> Your goal
Pictures stay out, but every line of the data is copied exactly.

> Input data
________
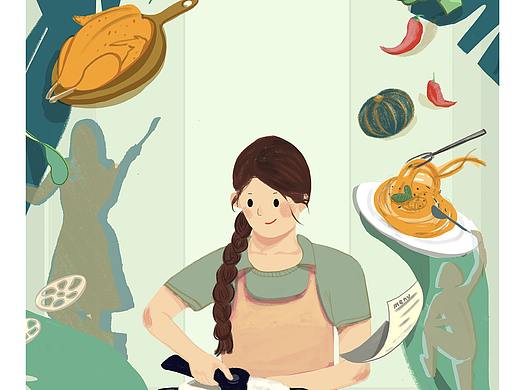 厨艺食物插画
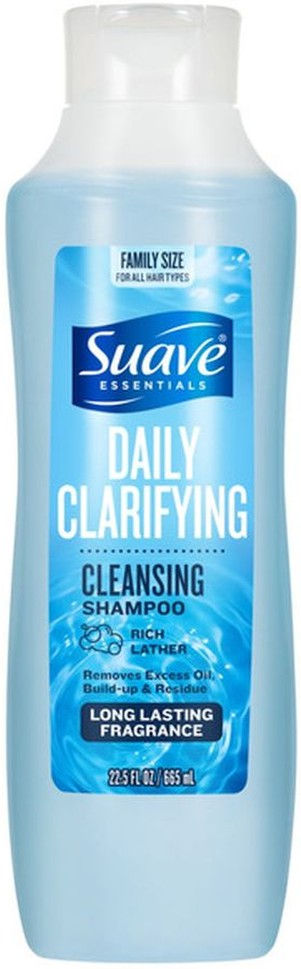 Essentials Shampoo, Cleansing, Daily Clarifying, Family Size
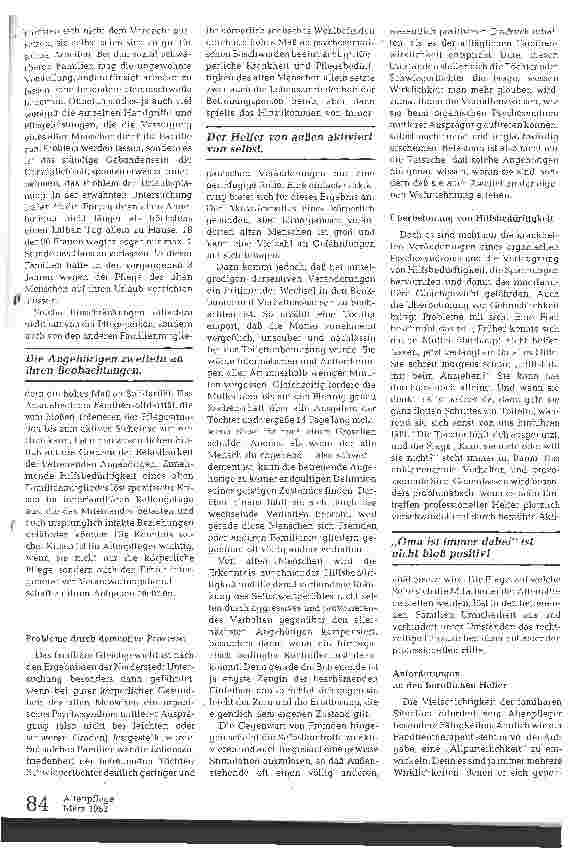 Vorschauseite 2: Altenpflege im Spannungsfeld zwischen Klient und Angehörigen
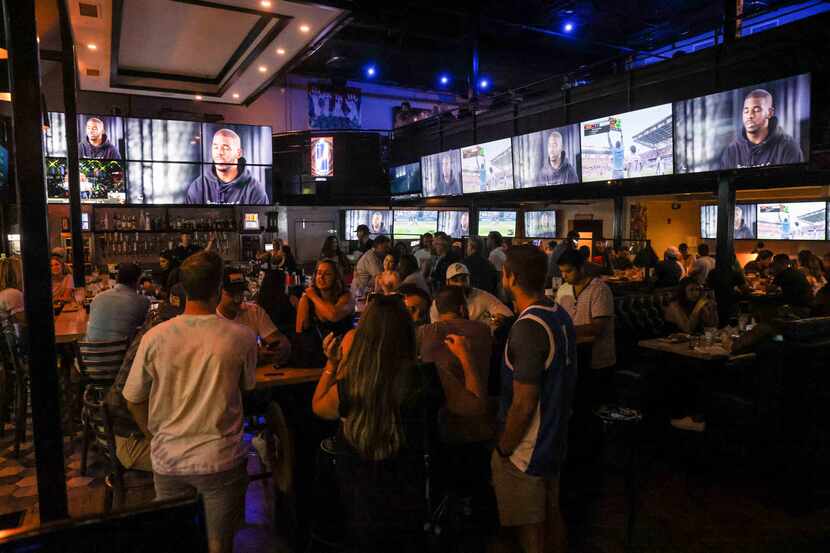 At Christies, a sports bar on Greenville Avenue in Dallas, you can watch several Olympic...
________
> Output for this task
 厨艺食物插画
 Essentials Shampoo, Cleansing, Daily Clarifying, Family Size
 Vorschauseite 2: Altenpflege im Spannungsfeld zwischen Klient und Angehörigen
 At Christies, a sports bar on Greenville Avenue in Dallas, you can watch several Olympic...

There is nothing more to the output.